EXERCISE DATA:

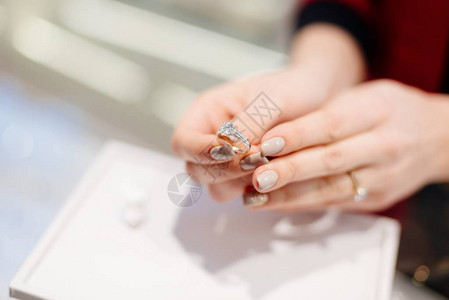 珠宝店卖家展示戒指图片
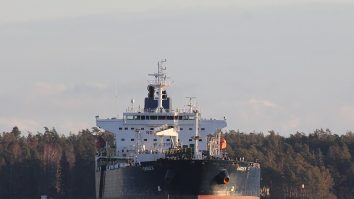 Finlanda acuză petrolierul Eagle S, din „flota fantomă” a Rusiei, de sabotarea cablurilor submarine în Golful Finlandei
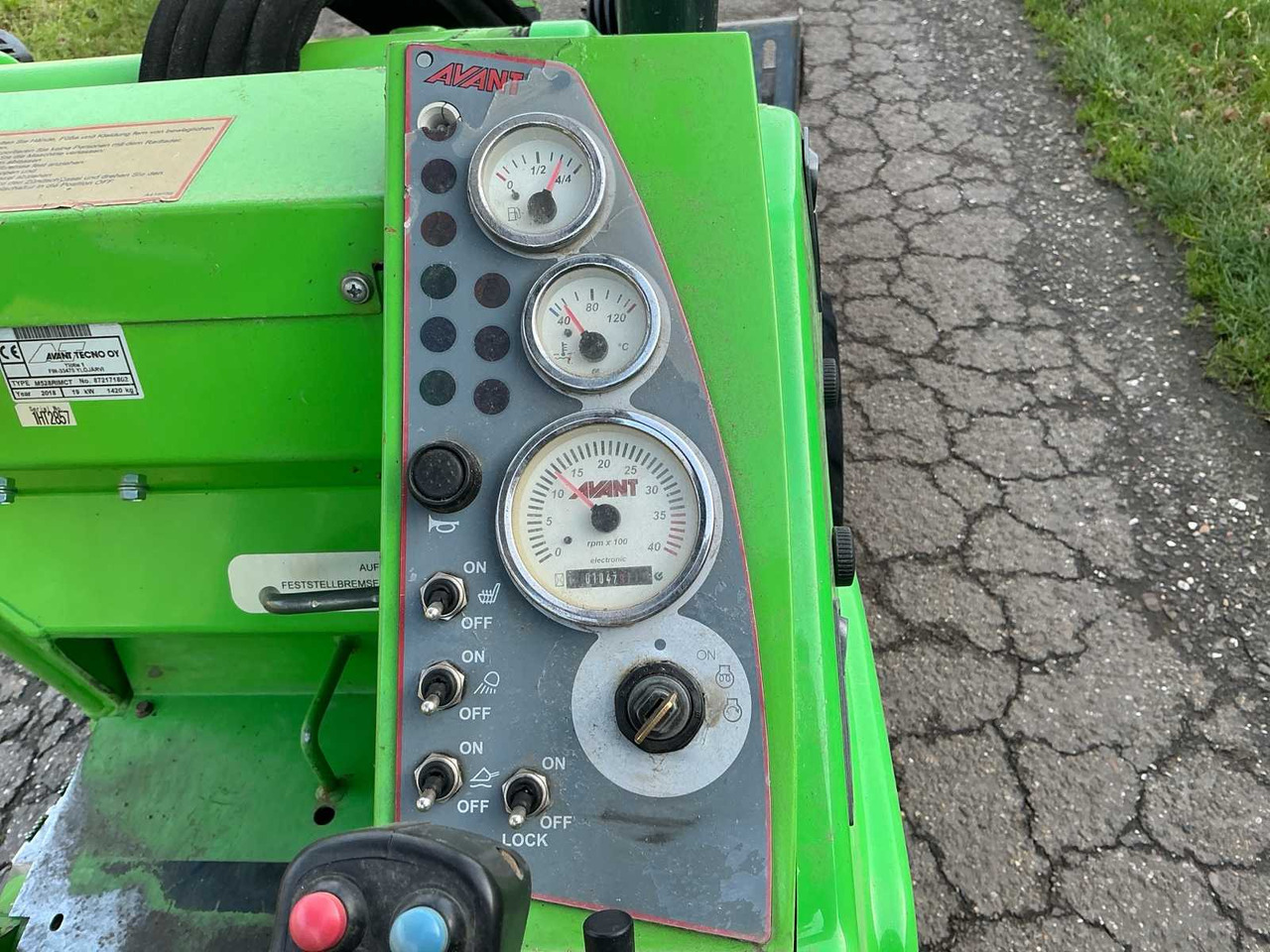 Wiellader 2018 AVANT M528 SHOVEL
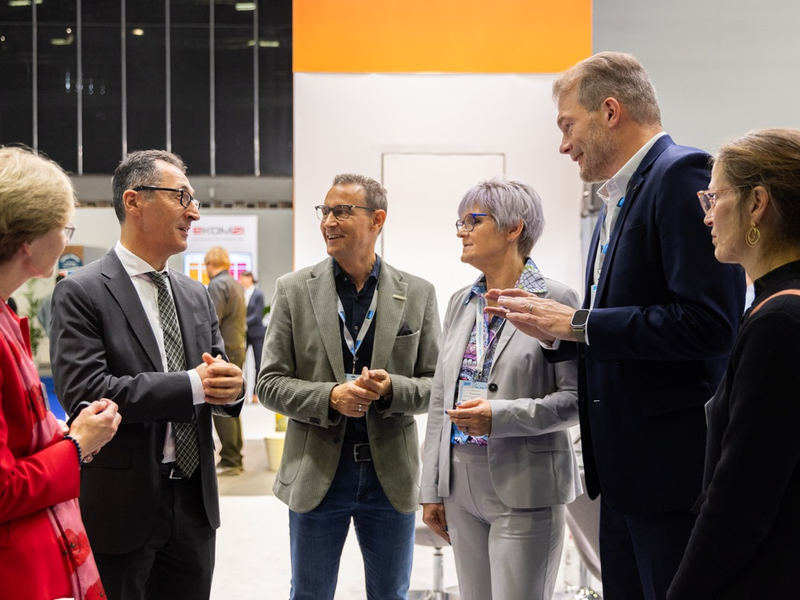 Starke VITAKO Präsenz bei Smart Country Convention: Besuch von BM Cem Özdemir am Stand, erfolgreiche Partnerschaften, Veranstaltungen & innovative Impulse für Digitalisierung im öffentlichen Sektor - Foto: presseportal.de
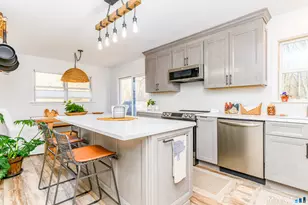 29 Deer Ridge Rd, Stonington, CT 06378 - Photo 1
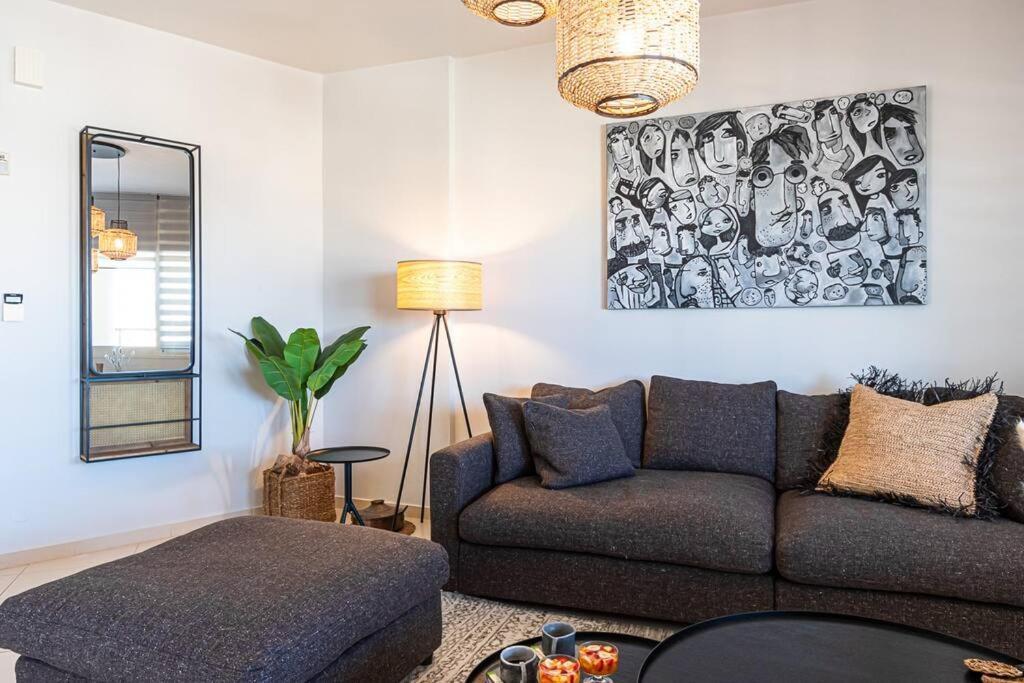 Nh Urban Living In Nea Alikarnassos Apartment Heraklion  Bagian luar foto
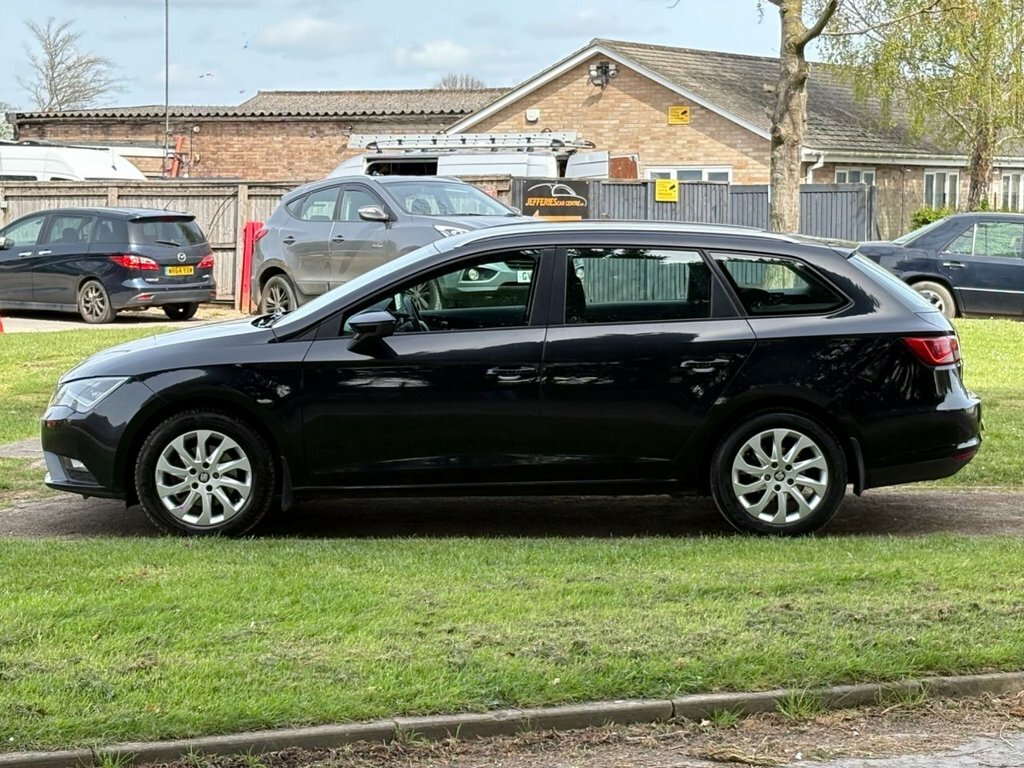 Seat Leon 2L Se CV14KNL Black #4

TASK DESCRIPTION:
Write the lines out word for word, starting at the one with "Starke VITAKO Präsenz" and stopping after the last line of the material above, with pictures excluded.

EXERCISE RESULT:
 Starke VITAKO Präsenz bei Smart Country Convention: Besuch von BM Cem Özdemir am Stand, erfolgreiche Partnerschaften, Veranstaltungen & innovative Impulse für Digitalisierung im öffentlichen Sektor - Foto: presseportal.de
 29 Deer Ridge Rd, Stonington, CT 06378 - Photo 1
 Nh Urban Living In Nea Alikarnassos Apartment Heraklion  Bagian luar foto
 Seat Leon 2L Se CV14KNL Black #4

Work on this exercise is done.